风光互补发电系统最大功率控制策略的研究

发布时间：2018-05-21 18:12

本文选题：风光互补发电系统最大功率点跟踪 + Matlab仿真　；参考：《长春大学》2017年硕士论文

【摘要】：风能、太阳能的最大功率点(MPP)捕获已成为国内外新能源领域的一大研究热点,最大功率点跟踪(MPPT)算法,不仅可以提高光伏发电系统和风电机组的电能输出效率,加快系统响应时间,而且MPPT算法的优劣会直接影响到风能和太阳能的利用率以及系统的安全性能。现阶段,已经被应用到实际产品中的MPPT方法主要有扰动观察法、增量电导法和智能控制法等。

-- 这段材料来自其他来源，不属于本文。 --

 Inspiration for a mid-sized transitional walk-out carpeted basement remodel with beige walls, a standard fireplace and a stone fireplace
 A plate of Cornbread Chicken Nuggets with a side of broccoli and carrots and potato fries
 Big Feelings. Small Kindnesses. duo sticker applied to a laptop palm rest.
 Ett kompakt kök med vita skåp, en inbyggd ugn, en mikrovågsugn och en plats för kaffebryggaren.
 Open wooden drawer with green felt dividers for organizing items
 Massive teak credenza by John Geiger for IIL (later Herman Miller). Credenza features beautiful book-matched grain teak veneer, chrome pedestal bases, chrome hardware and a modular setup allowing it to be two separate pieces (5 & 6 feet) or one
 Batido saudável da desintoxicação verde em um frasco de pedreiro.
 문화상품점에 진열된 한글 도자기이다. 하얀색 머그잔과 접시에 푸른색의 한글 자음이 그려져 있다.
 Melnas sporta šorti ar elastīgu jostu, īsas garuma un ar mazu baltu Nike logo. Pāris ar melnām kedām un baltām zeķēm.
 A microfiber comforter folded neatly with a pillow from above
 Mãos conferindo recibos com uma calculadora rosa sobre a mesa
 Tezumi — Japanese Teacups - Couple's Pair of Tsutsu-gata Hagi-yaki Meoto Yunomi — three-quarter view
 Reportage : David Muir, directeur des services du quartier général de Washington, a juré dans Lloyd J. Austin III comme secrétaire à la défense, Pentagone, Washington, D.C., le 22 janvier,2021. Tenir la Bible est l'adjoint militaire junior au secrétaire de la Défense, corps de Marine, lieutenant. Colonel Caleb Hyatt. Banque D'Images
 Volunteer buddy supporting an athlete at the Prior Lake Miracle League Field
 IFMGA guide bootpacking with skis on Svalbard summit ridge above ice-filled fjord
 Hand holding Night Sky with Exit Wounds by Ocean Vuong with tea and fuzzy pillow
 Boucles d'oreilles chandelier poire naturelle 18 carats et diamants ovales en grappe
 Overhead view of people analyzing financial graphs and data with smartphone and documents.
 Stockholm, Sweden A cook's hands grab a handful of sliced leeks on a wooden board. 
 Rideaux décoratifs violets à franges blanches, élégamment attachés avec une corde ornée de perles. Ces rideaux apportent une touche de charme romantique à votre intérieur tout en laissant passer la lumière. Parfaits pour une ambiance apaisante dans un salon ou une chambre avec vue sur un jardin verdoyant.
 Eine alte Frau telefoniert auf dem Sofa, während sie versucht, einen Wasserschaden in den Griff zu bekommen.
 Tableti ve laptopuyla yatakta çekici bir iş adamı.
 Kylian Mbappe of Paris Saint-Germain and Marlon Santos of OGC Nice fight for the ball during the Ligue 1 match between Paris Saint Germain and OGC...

数据表明,现有算法实际应用中存在抗干扰能力差以及跟踪速度慢等缺陷。基于此,需要以解决算法缺陷为出发点,提出一种新型的最大功率点跟踪策略,使系统输出效率更高、更稳定、更快速。基于风能和太阳能具备天然的互补特性,相比较独立的风力或光伏发电系统,风光互补发电系统可以在很大程度上降低了因天气变化对系统造成的不利影响,使系统具备良好的输出特性。本文重点分析了几种常见的MPPT算法,总结不同算法的优势和劣势,在传统控制算法的基础上,加以改进,提出适于光伏发电系统的新型MPPT控制方法以及适于风电机组的新型MPPT控制方法。对于光伏发电系统,基于传统CVT算法实际应用中更易于实现的优势,但该法容易受到外界环境等因素的影响,使系统跟踪精度易受外界条件影响。基于此,本文在传统恒压控制法(CVT)法基础上加以改进,采用电压优化法使系统在任何条件下跟踪到系统最大功率点,很大程度上解决了系统跟踪精度低的问题。对于风力发电系统,为实现风力发电系统在任何风速条件下,均具备较高的输出效率,本文采用模糊扰动MPPT方法来提高系统在各种风速状况下的小型风电机组的输出效率。本文采用的新型MPPT控制策略,虽然解决了传统MPPT算法存在的一些缺陷并具备上述优势,但系统输出震动仍在较大,为解决该问题,本文将免疫反馈响应理论应用于风光互补发电系统,通过仿真得到风光互补发电系统输出特性曲线,结果表明免疫反馈响应理论的引入使系统输出振幅减小,稳定性有所增强,系统供电可靠性大幅提升,创造出了良好的社会、经济效益。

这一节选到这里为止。